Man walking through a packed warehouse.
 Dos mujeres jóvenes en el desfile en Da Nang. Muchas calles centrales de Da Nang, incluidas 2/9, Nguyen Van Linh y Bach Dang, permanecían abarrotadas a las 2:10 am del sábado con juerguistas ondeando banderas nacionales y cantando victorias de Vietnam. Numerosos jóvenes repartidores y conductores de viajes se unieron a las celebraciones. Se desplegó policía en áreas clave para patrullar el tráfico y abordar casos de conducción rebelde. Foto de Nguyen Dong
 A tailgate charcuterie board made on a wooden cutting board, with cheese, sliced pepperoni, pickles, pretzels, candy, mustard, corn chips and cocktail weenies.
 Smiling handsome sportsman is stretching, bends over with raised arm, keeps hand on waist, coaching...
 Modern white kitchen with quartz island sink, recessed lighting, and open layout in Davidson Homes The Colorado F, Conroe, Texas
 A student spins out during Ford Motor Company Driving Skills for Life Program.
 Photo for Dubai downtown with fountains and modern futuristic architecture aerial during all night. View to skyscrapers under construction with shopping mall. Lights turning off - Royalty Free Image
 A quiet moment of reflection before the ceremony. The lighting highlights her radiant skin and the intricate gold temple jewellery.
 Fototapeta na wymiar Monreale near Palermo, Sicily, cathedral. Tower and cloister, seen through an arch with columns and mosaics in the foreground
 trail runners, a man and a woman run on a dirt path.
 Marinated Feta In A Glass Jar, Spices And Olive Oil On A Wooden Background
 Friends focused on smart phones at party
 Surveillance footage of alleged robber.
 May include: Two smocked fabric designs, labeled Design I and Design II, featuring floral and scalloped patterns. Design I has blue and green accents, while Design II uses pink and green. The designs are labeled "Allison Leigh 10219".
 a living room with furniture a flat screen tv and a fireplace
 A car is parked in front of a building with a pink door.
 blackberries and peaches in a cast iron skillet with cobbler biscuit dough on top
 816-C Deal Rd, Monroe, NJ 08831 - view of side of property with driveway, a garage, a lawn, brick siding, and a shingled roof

===============

_WORK ORDER_. Return, exactly and without additions, the lines that run from the one containing "Marinated Feta In" to the end of the material above.

_RESULT OF THE EXERCISE_.
 Marinated Feta In A Glass Jar, Spices And Olive Oil On A Wooden Background
 Friends focused on smart phones at party
 Surveillance footage of alleged robber.
 May include: Two smocked fabric designs, labeled Design I and Design II, featuring floral and scalloped patterns. Design I has blue and green accents, while Design II uses pink and green. The designs are labeled "Allison Leigh 10219".
 a living room with furniture a flat screen tv and a fireplace
 A car is parked in front of a building with a pink door.
 blackberries and peaches in a cast iron skillet with cobbler biscuit dough on top
 816-C Deal Rd, Monroe, NJ 08831 - view of side of property with driveway, a garage, a lawn, brick siding, and a shingled roof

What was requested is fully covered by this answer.